INFORMATION SHOWN:

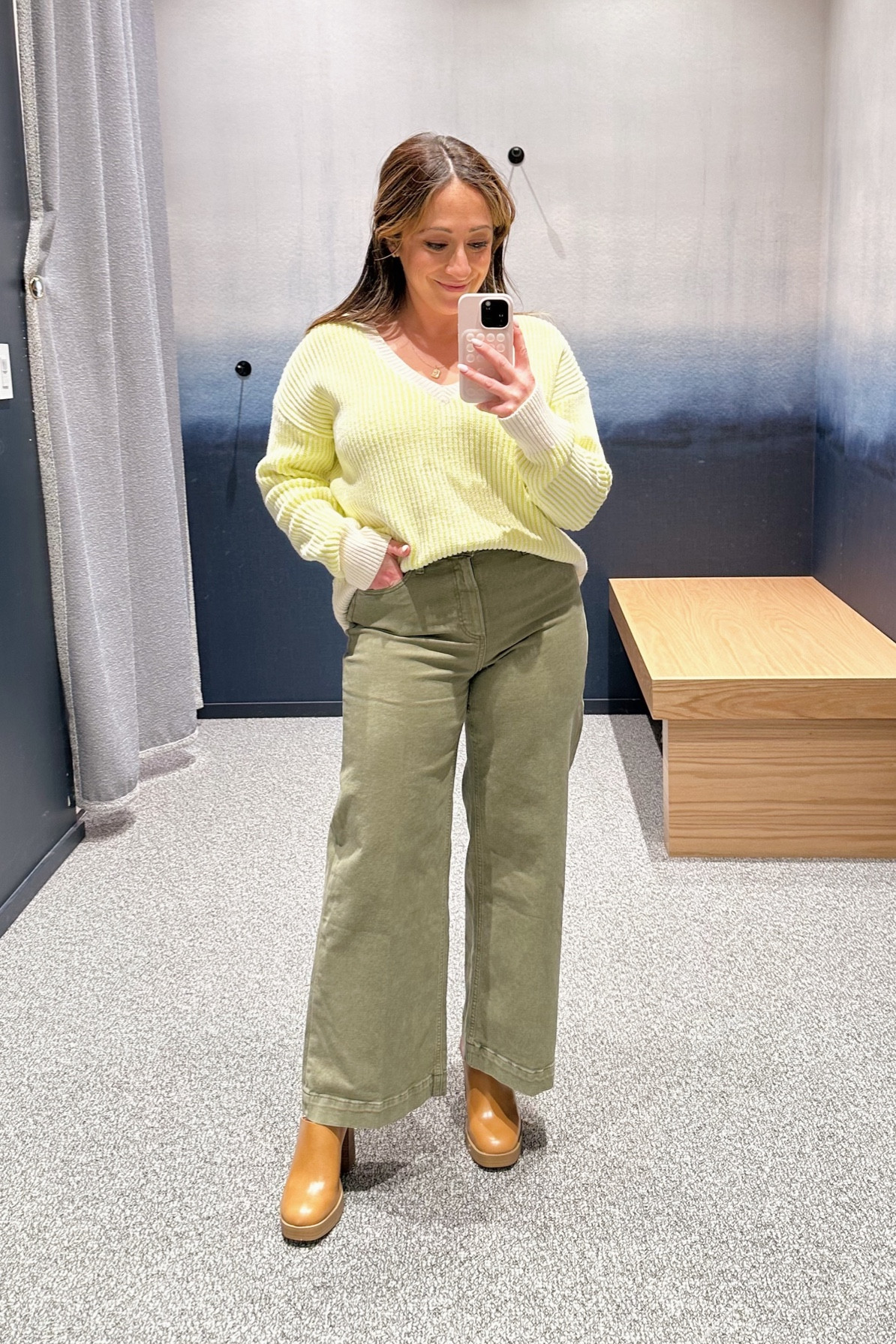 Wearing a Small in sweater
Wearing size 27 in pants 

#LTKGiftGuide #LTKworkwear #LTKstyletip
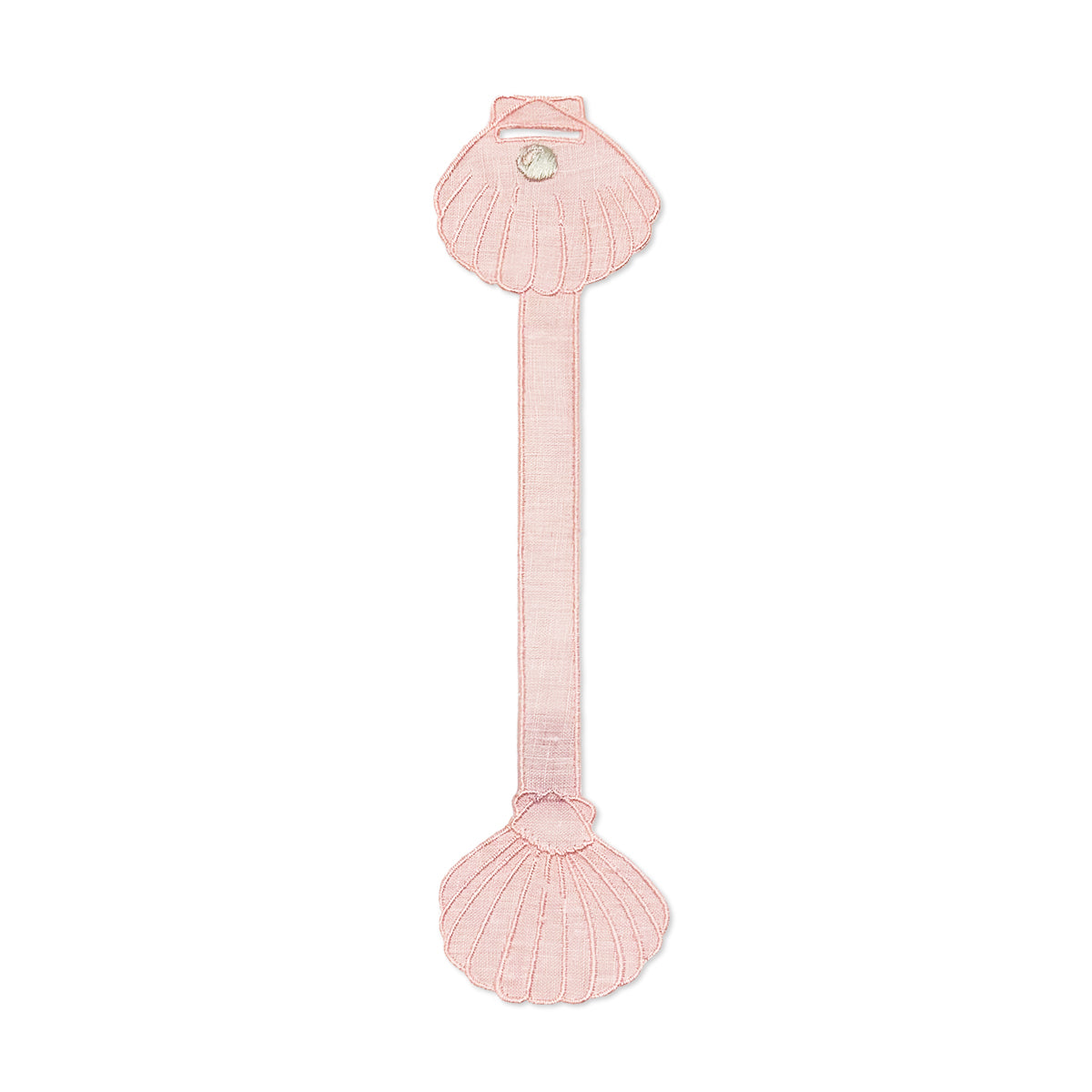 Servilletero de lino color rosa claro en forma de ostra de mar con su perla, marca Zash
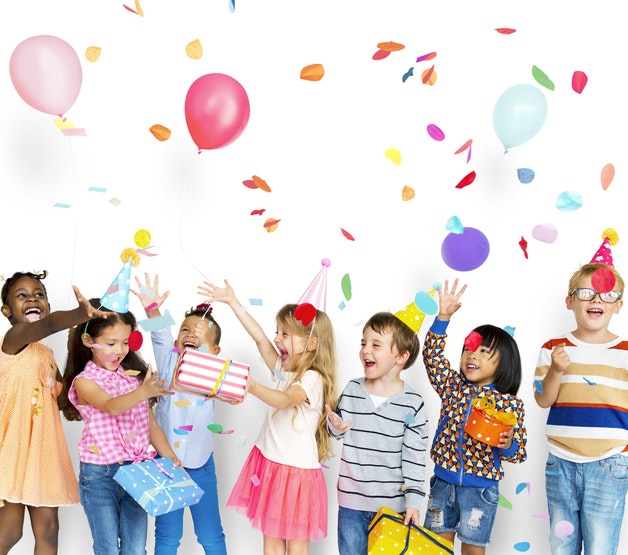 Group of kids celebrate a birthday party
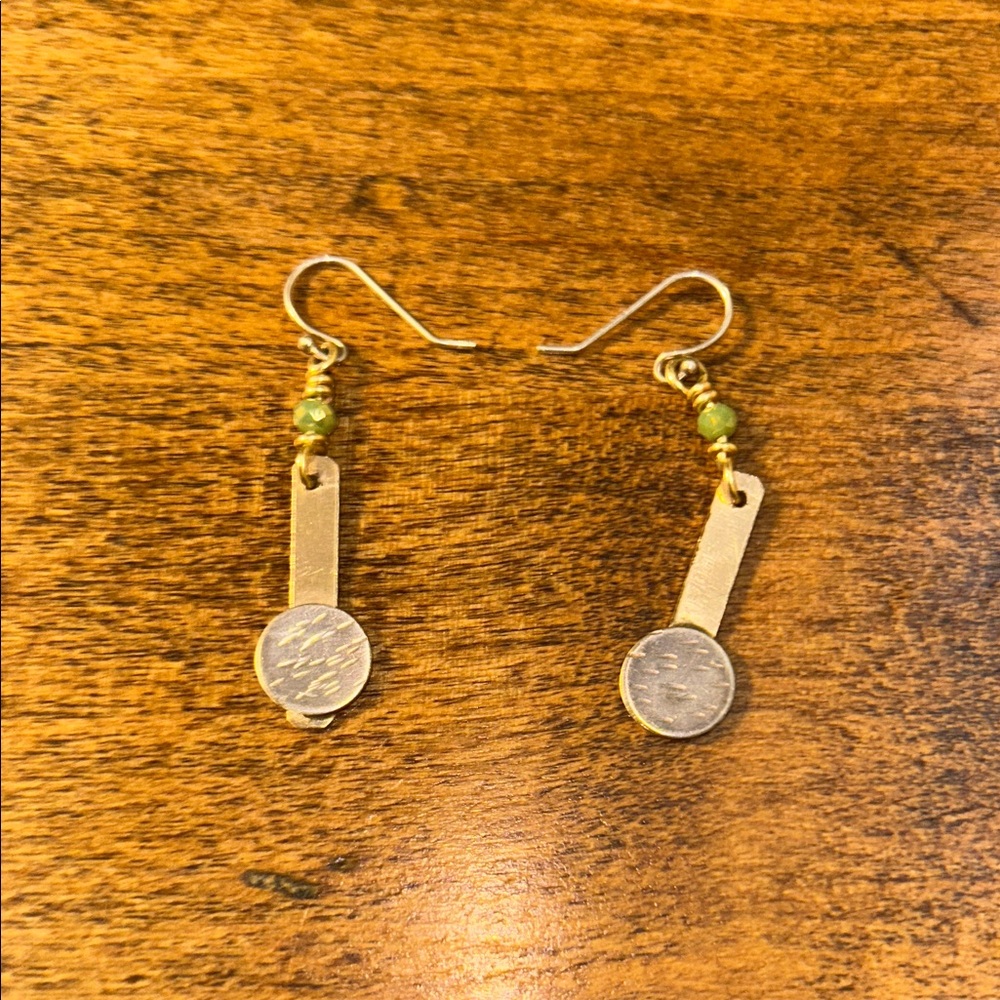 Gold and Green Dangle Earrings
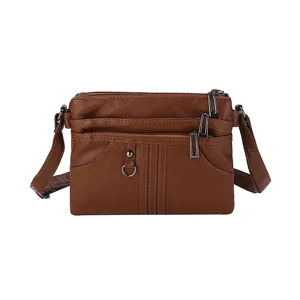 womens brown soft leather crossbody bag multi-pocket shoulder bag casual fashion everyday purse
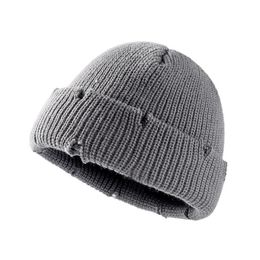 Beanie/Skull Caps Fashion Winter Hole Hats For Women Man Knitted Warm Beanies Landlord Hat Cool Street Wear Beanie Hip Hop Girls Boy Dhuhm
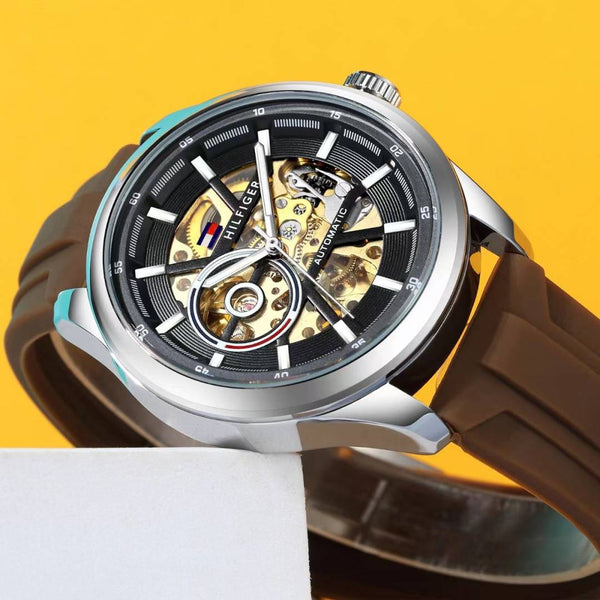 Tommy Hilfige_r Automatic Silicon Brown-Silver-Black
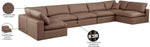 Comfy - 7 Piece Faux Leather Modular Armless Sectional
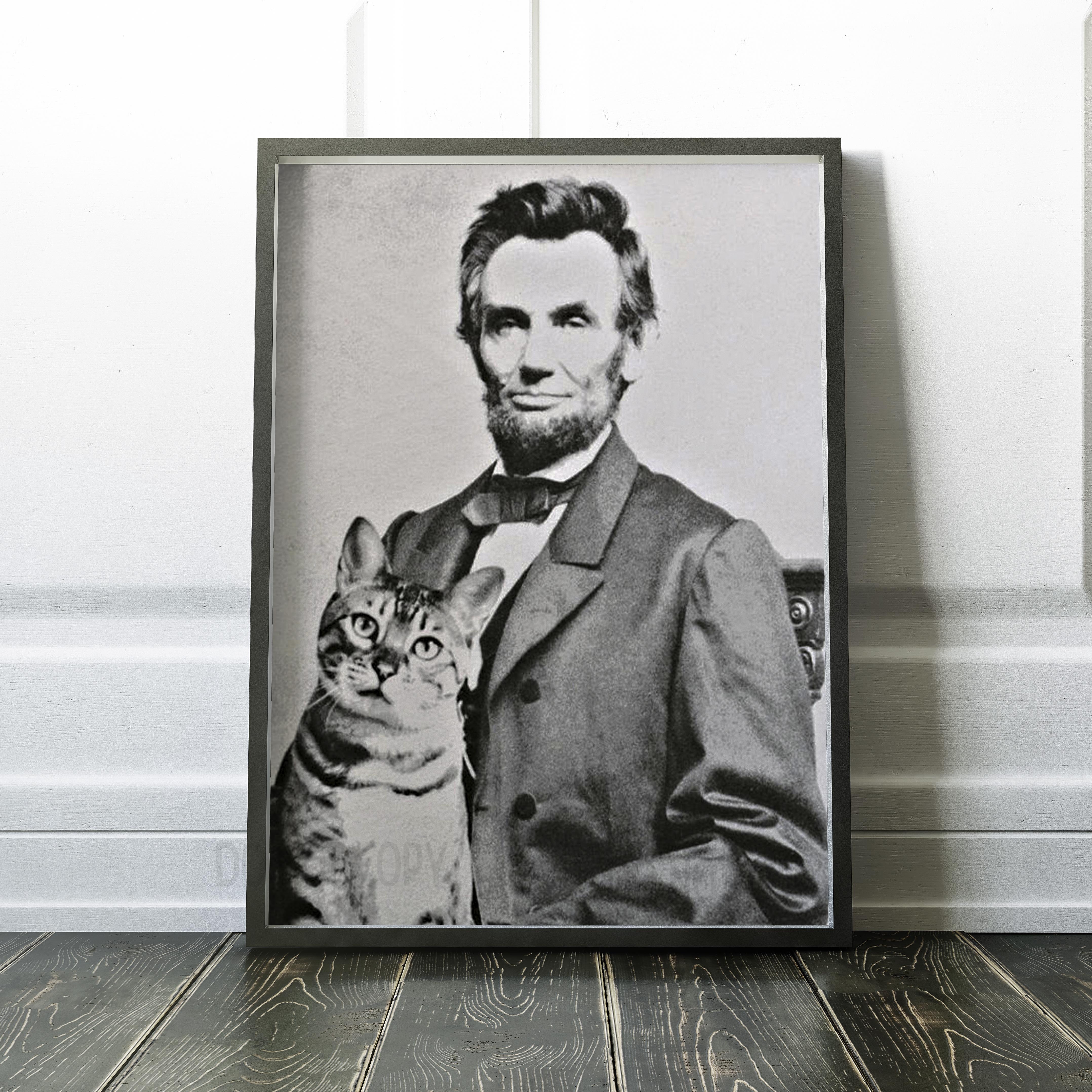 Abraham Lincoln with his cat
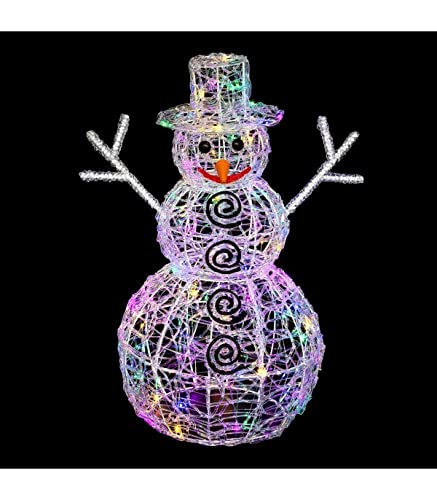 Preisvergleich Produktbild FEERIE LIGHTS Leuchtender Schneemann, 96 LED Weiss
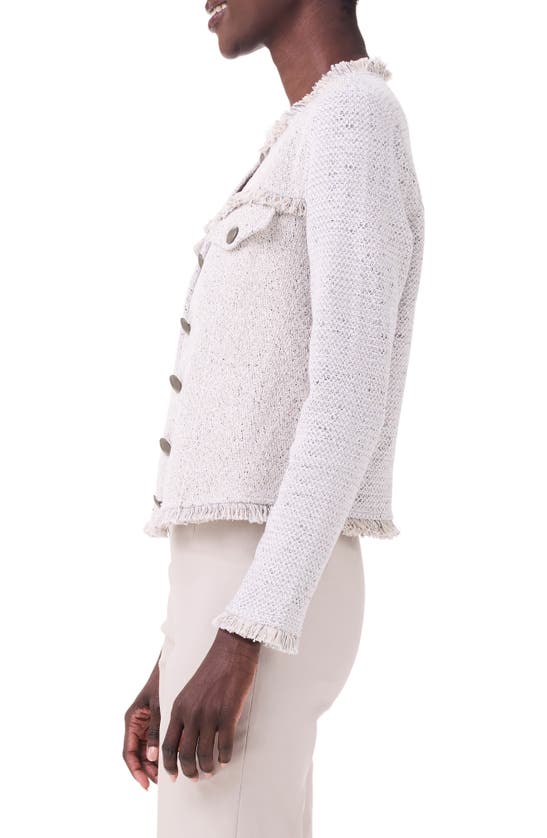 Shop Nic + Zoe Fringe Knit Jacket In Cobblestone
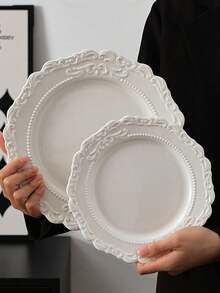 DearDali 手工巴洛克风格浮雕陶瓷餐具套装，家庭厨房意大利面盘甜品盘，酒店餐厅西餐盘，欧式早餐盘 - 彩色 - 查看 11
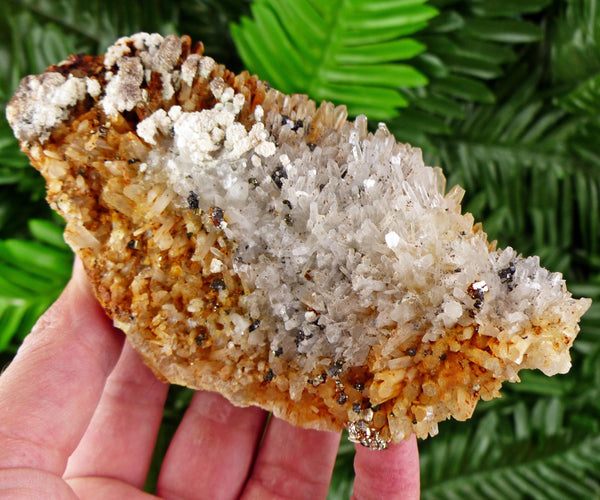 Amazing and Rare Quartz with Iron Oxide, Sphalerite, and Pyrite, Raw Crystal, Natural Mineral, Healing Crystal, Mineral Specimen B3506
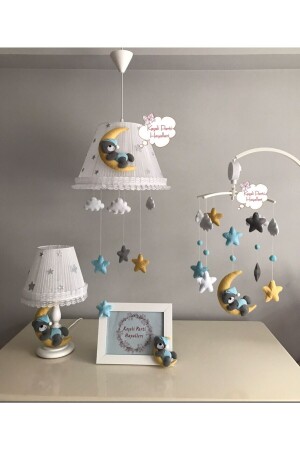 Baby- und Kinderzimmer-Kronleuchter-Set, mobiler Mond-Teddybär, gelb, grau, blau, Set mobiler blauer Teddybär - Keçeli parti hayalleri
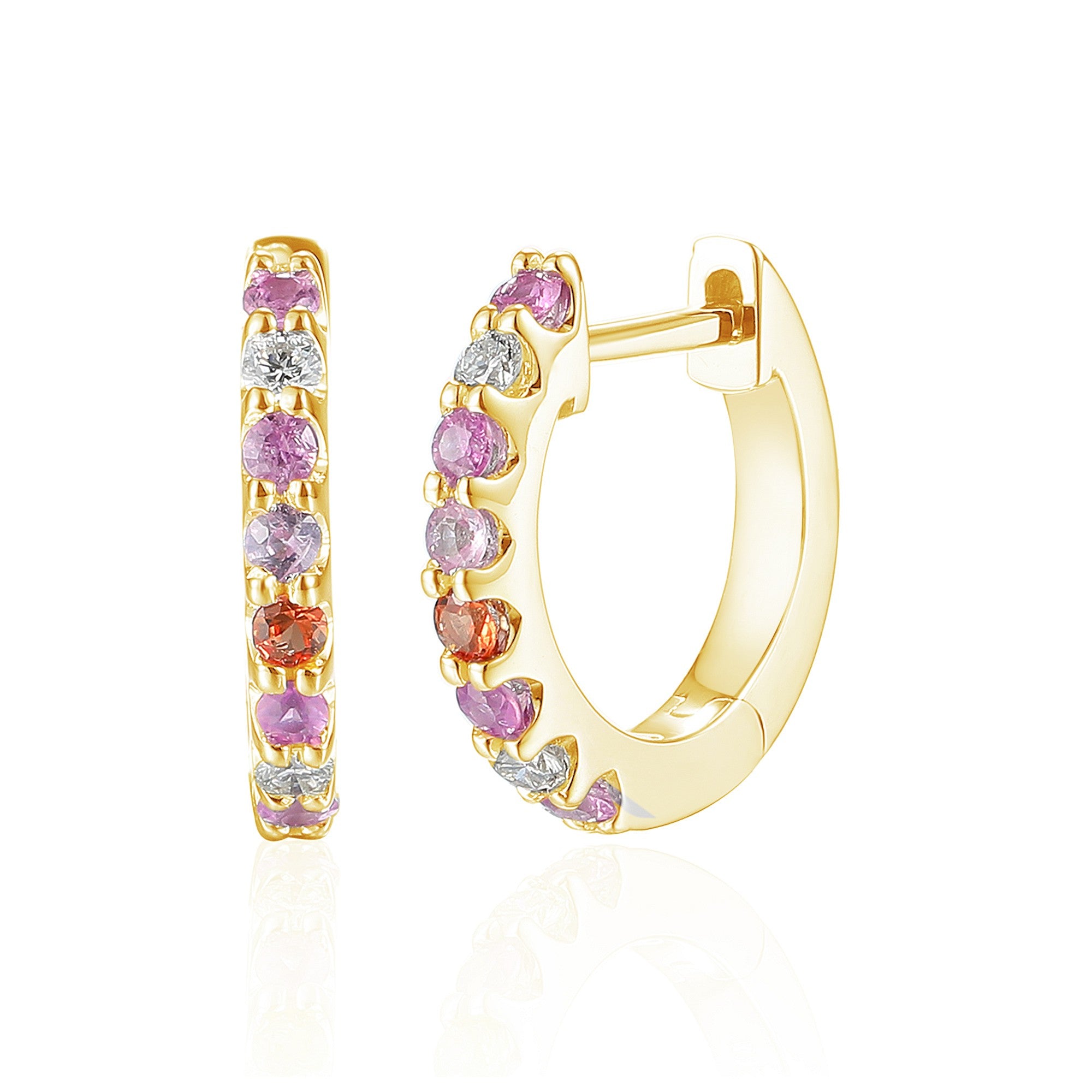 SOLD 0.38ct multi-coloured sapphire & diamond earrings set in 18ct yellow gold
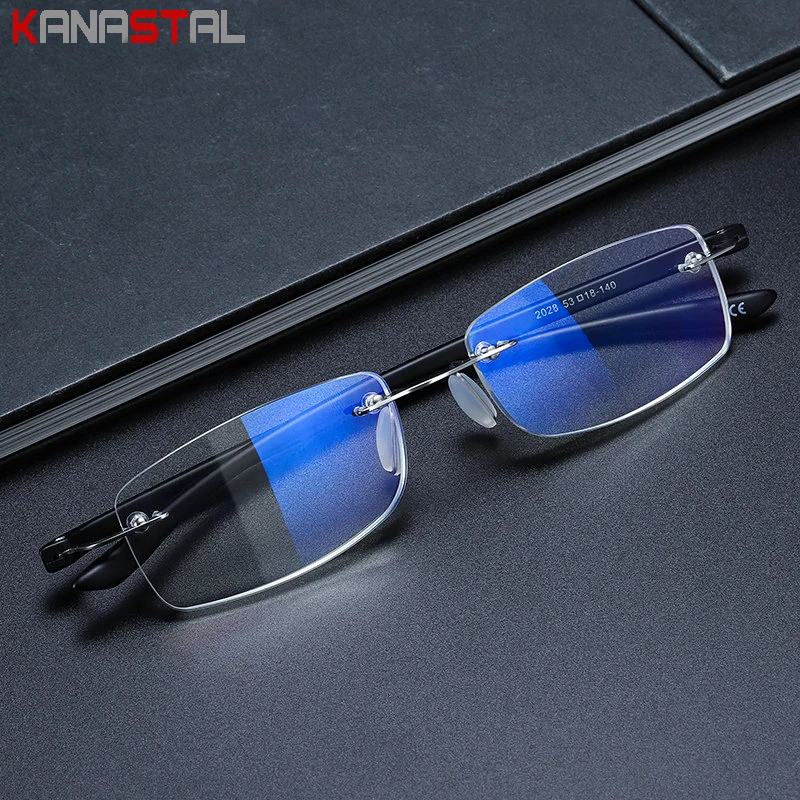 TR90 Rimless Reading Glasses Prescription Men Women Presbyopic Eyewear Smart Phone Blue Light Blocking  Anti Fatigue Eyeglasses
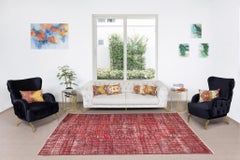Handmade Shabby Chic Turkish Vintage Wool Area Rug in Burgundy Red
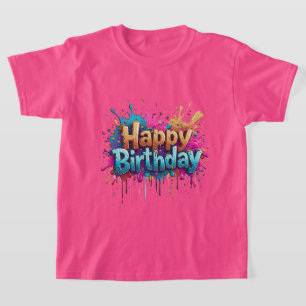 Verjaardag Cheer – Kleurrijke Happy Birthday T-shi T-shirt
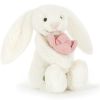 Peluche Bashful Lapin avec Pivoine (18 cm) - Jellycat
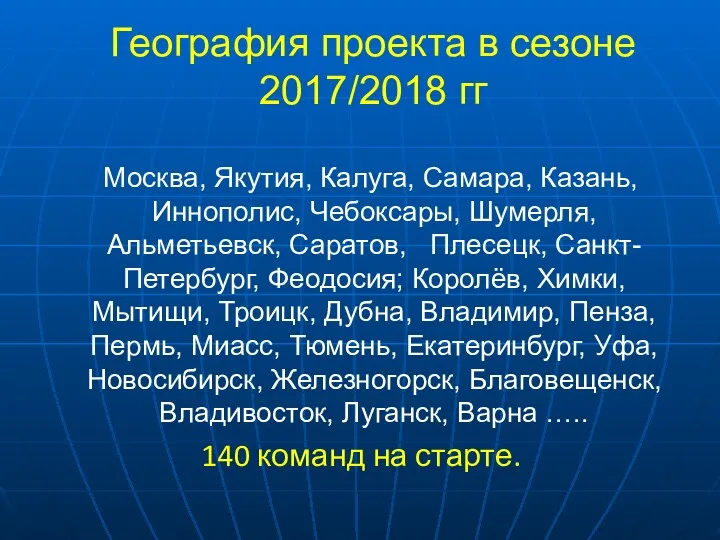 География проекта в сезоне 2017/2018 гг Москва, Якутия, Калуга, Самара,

TASK:
Would you give again, exactly, the lines in the data above that run from the line containing "Gold and Green Dangle Earrings" to the line containing "Handmade Shabby Chic"? Include both ends and no pictures.

ANSWER BOX:
 Gold and Green Dangle Earrings
 womens brown soft leather crossbody bag multi-pocket shoulder bag casual fashion everyday purse
 Beanie/Skull Caps Fashion Winter Hole Hats For Women Man Knitted Warm Beanies Landlord Hat Cool Street Wear Beanie Hip Hop Girls Boy Dhuhm
 Tommy Hilfige_r Automatic Silicon Brown-Silver-Black
 Comfy - 7 Piece Faux Leather Modular Armless Sectional
 Abraham Lincoln with his cat
 Preisvergleich Produktbild FEERIE LIGHTS Leuchtender Schneemann, 96 LED Weiss
 Shop Nic + Zoe Fringe Knit Jacket In Cobblestone
 DearDali 手工巴洛克风格浮雕陶瓷餐具套装，家庭厨房意大利面盘甜品盘，酒店餐厅西餐盘，欧式早餐盘 - 彩色 - 查看 11
 Amazing and Rare Quartz with Iron Oxide, Sphalerite, and Pyrite, Raw Crystal, Natural Mineral, Healing Crystal, Mineral Specimen B3506
 Baby- und Kinderzimmer-Kronleuchter-Set, mobiler Mond-Teddybär, gelb, grau, blau, Set mobiler blauer Teddybär - Keçeli parti hayalleri
 SOLD 0.38ct multi-coloured sapphire & diamond earrings set in 18ct yellow gold
 TR90 Rimless Reading Glasses Prescription Men Women Presbyopic Eyewear Smart Phone Blue Light Blocking  Anti Fatigue Eyeglasses
Handmade Shabby Chic Turkish Vintage Wool Area Rug in Burgundy Red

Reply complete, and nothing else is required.